Please transcribe only the lines between the one containing "The Leonardo Collection" and the end of the records, both ends included, exactly as written; skip every picture.

INFORMATION PROVIDED section start

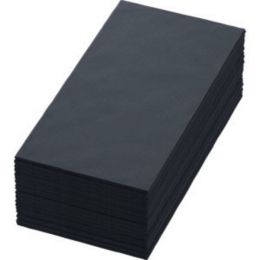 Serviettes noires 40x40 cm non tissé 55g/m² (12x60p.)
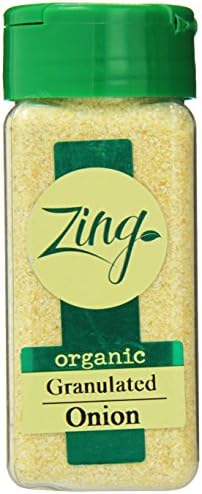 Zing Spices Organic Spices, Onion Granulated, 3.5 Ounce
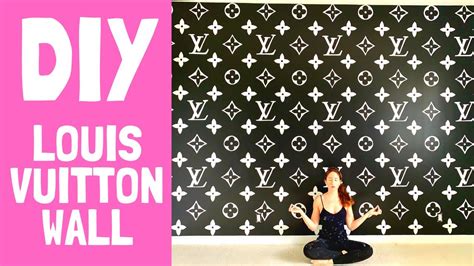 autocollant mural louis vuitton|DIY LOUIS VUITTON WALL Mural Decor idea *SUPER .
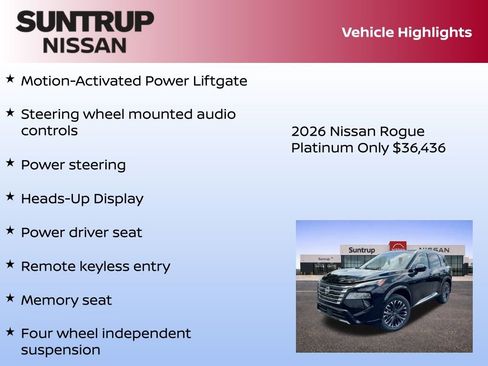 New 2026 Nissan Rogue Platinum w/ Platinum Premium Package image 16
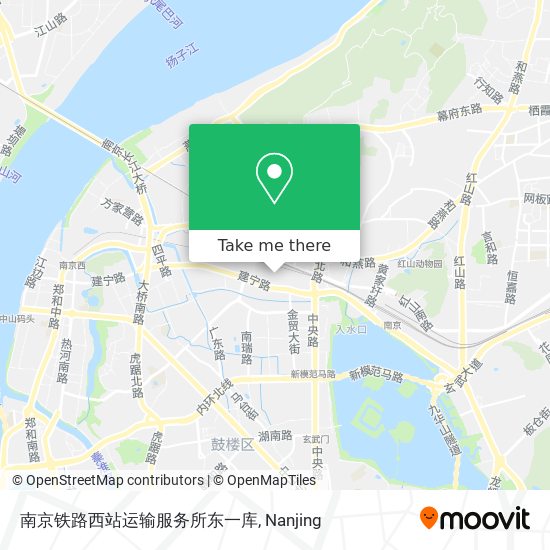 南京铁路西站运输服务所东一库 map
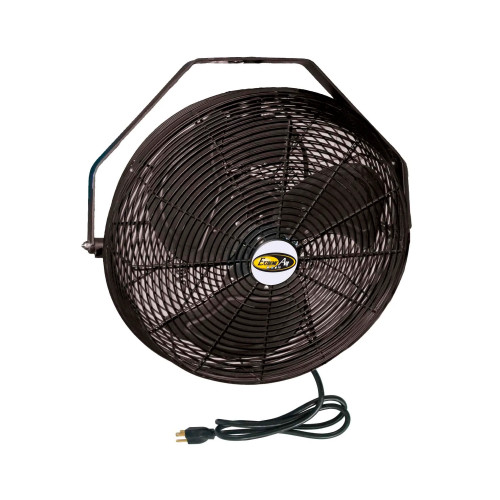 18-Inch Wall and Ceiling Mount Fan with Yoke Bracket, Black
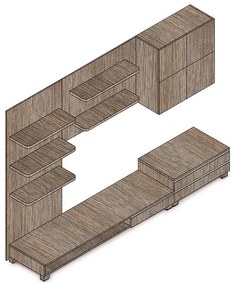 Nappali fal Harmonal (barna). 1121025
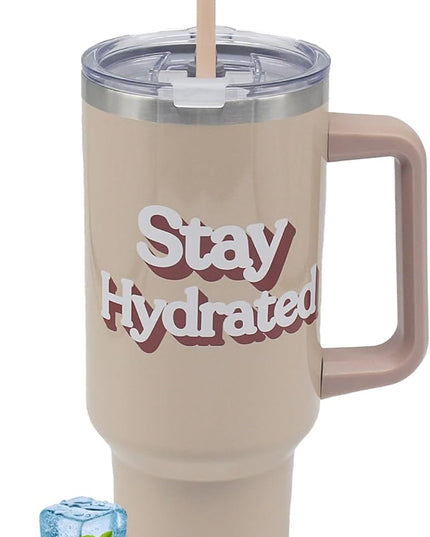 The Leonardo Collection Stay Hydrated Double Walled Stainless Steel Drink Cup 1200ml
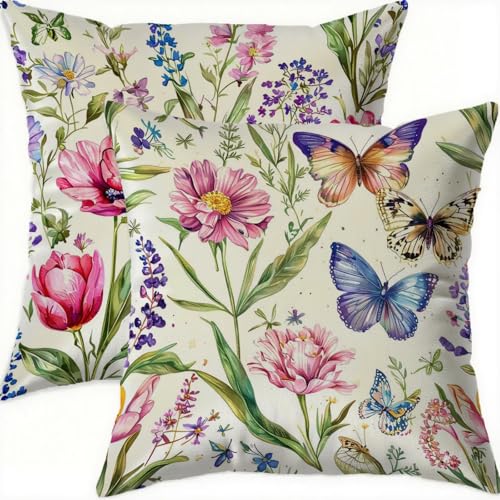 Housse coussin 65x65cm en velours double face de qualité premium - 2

INFORMATION PROVIDED section end

**TASK SOLUTION**.
 The Leonardo Collection Stay Hydrated Double Walled Stainless Steel Drink Cup 1200ml
 Housse coussin 65x65cm en velours double face de qualité premium - 2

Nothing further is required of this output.